Gateway Telecom has great goals

Gateway Telecom Canada Inc. of North Bay, Ont. plans to build a multi-service, carrier-class network that would provide wholesale voice and data services to carriers in Canada and the U.S.

But one Canadian analyst familiar with Gateway’s plans, believes the firm may be setting its sights a bit too high.

“It’s an ambitious project and if they can pull it off that’s fabulous,” said Jordan Worth, an analyst with IDC Canada Ltd. in Toronto. “I just don’t think the technology or market is there yet.”

Gateway began as a CLEC selling voice and data services in North Bay. Jim Blumsom, the company’s president and CEO, said he decided to get into the wholesale networking business when he saw the exorbitant prices Gateway was forced to pay for wholesale network services by the incumbent carrier in North Bay.

By the end of 2000, Gateway plans to have a 4,000 kilometre fibre-optic network in place with points-of-presence in 21 North American cities including Toronto, Vancouver, Calgary and Montreal. In its initial phase, the network will be ATM-based, but Gateway plans to move to packet-over-SONET before the end of 2001. The network will be operated by a division of Gateway known as Gateway Networks.

Blumsom said Gateway will be able to offer a discount of 15 to 20 per cent off of current wholesale prices, because the firm has extensive vendor financing.

Gateway’s technology partners include Lucent Technologies, Nortel Networks, Marconi, Tekelec and the Sun-Netscape Alliance.

The company will sell a variety of wholesale services to other carriers over the next-generation network. Since the network will run SS7 over IP, those services will include voice in addition to data.

“I think this is something that’s needed to foster the growth of CLECs, ISPs and point-to-point WAN providers,” Blumsom said.

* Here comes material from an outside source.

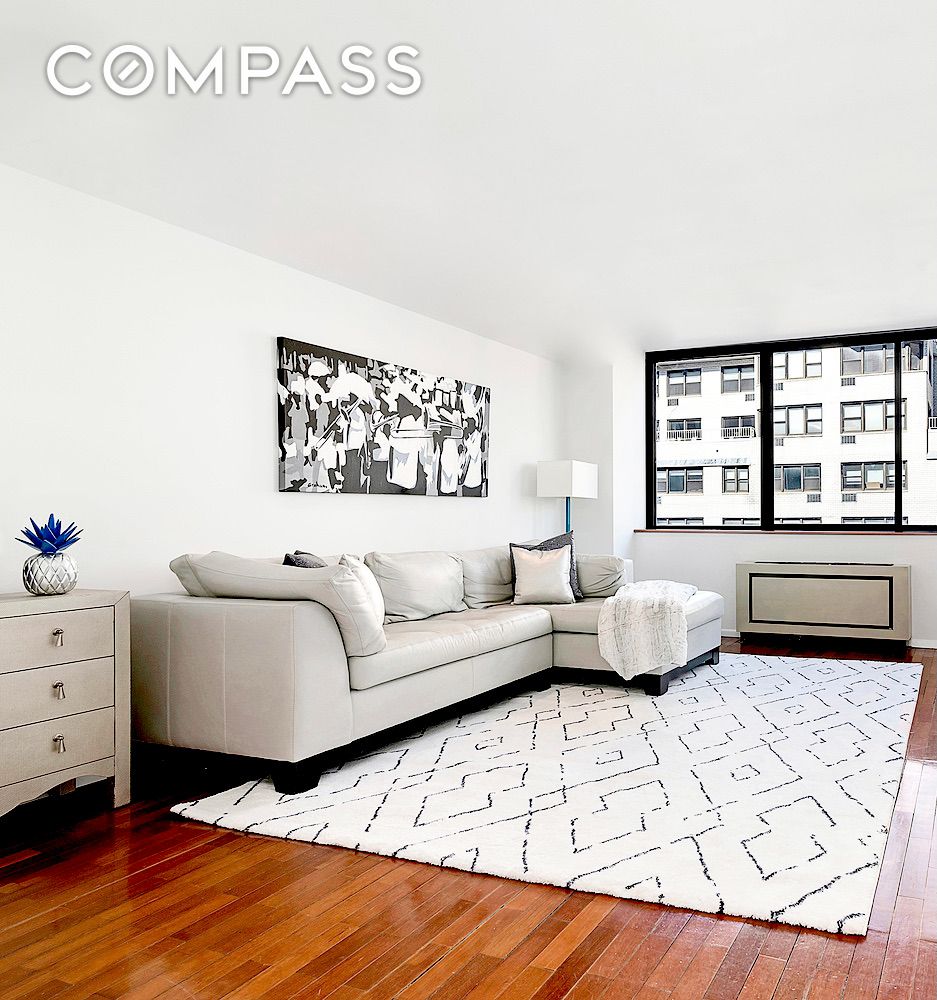 #1 photo, 330 E 75th Street, 曼哈顿 上东城 Upper East Side , NY 10021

Blumsom explained Gateway intends to be a one-stop shop for carrier services. If Gateway can’t provide the service itself over its network, it will negotiate with other companies to get whatever wholesale services a carrier is searching for, he said.

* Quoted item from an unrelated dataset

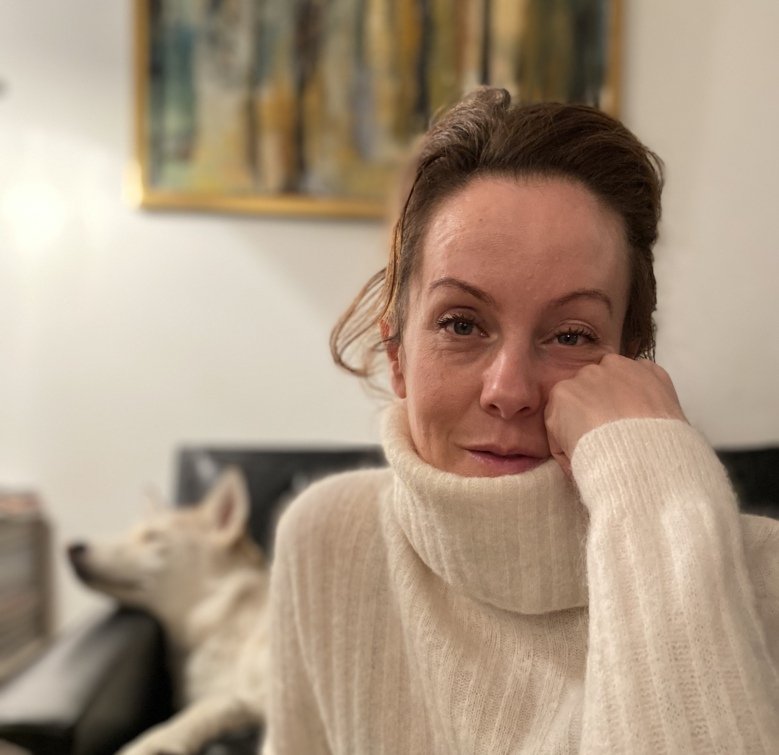 Porträtt av Maria Beckman i en stickad vit tröja.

IDC Canada’s Worth said it sounded like Gateway was reaching a bit in claiming it could broker deals with any carriers.

“There are hundreds of providers in North America,” he said. “That to me would involve a lot of work every time you go to bang out a contract.”

While Worth wasn’t entirely convinced Gateway will be able to deliver on its vision, he noted the wholesale carrier market is going to heat up very shortly.

“There’s a great opportunity for wholesaling traffic, especially now that the U.S. RBOCs (Regional Bell Operating Companies) are getting into long distance,” he said.